> Records provided:
★ ★ ★ ★
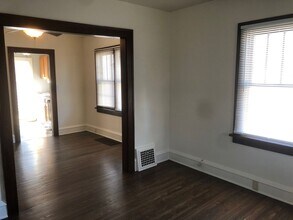 317 Glenn Ave in Normal, IL - Building Photo - Building Photo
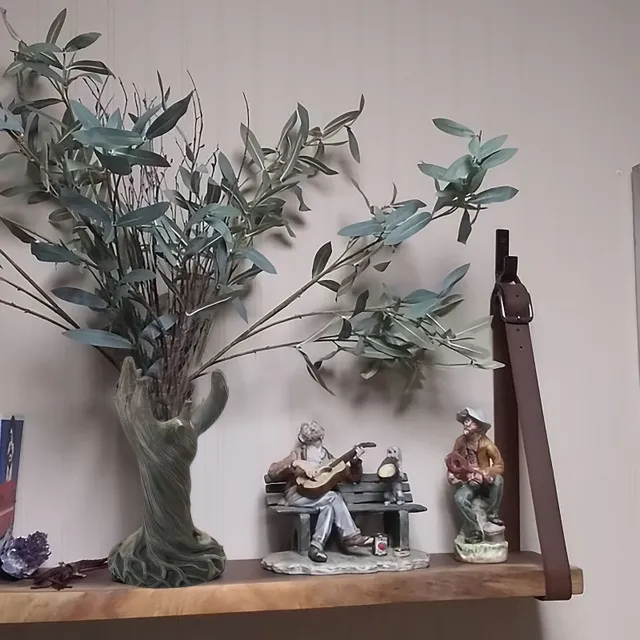 Oryginalny wazon z żywicy z leśną Nympha - dekoracja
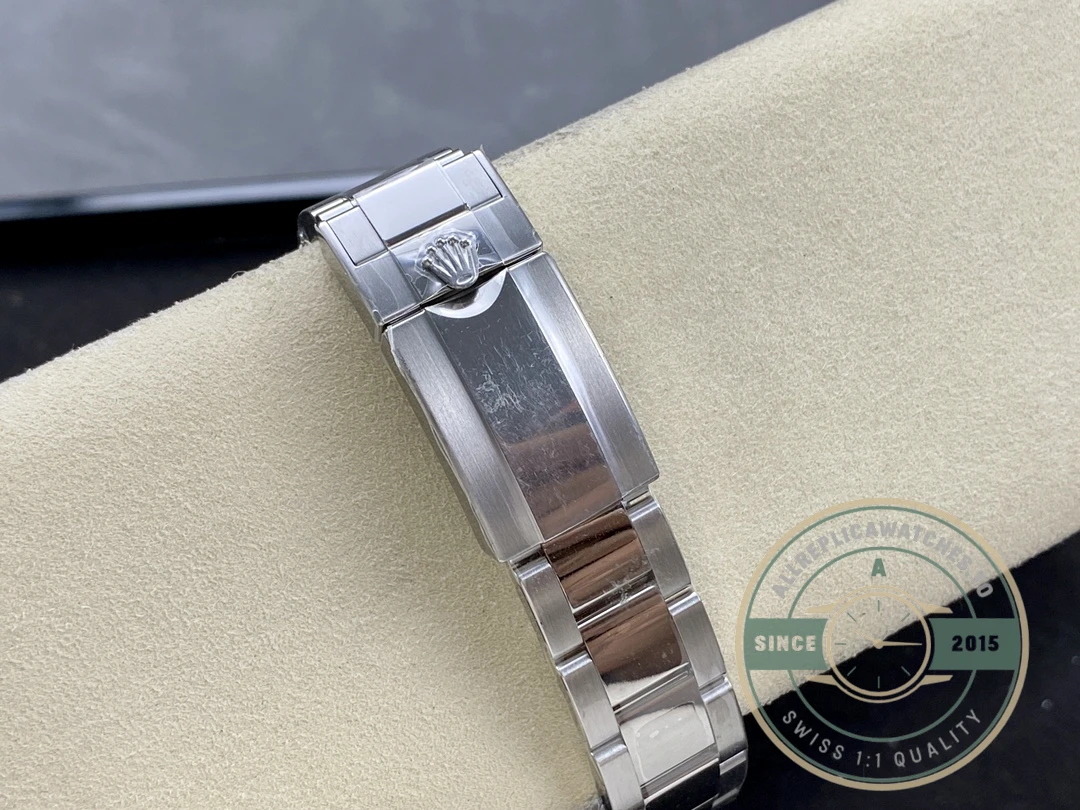 Replica Rolex GMT-Master II 116710BLNR-0002 40mm - High-Grade Replica Watch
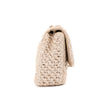 Creme Chanel Classic Timeless Single Flap Bag in Medium Größe aus Raffia Crochet Häkeln Material mit antik goldener Hardware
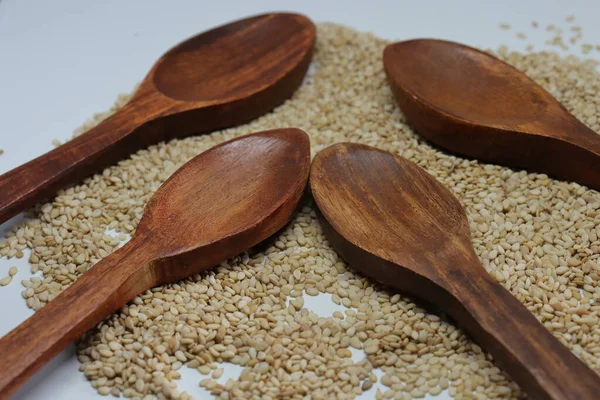 Beyaz zemin üzerinde organik doğal Til Gul veya Susam tohumları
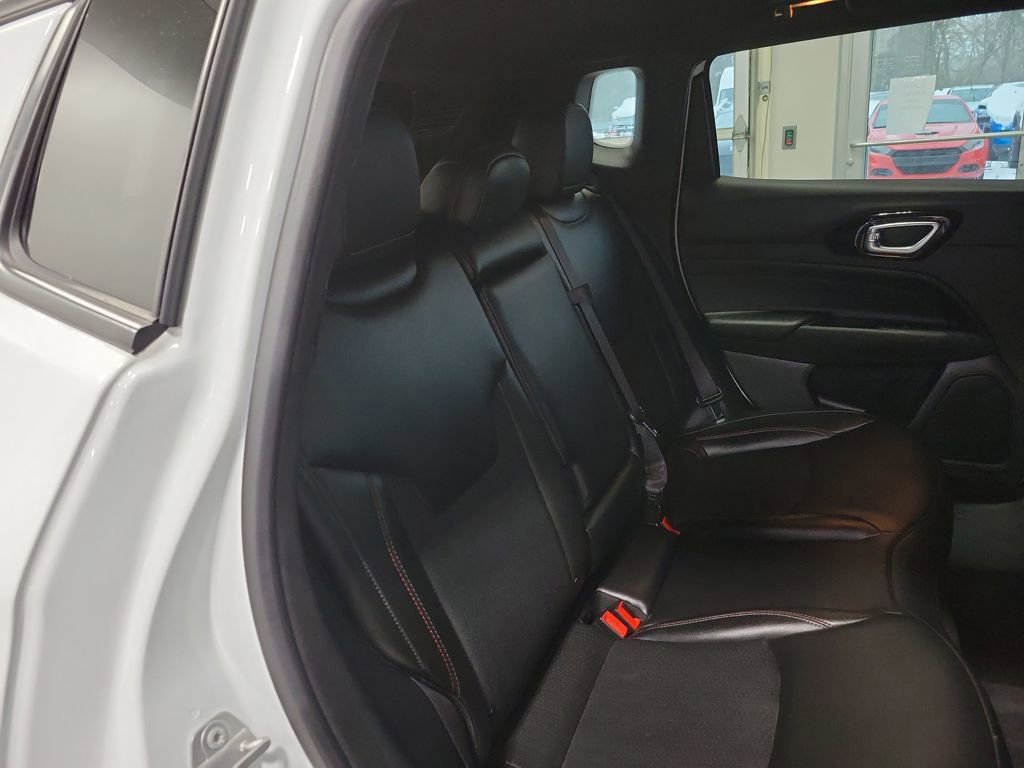 Used 2023 Jeep Compass Trailhawk w/ Trailhawk Convenience Group image 23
★ ★ ★ ★
> Work to complete: Give again, word for word, only the lines from the one with "Oryginalny wazon z" through the last line of the entries, both included; no pictures go in the copy.

> Answer to this problem:
 Oryginalny wazon z żywicy z leśną Nympha - dekoracja
 Replica Rolex GMT-Master II 116710BLNR-0002 40mm - High-Grade Replica Watch
 Creme Chanel Classic Timeless Single Flap Bag in Medium Größe aus Raffia Crochet Häkeln Material mit antik goldener Hardware
 Beyaz zemin üzerinde organik doğal Til Gul veya Susam tohumları
 Used 2023 Jeep Compass Trailhawk w/ Trailhawk Convenience Group image 23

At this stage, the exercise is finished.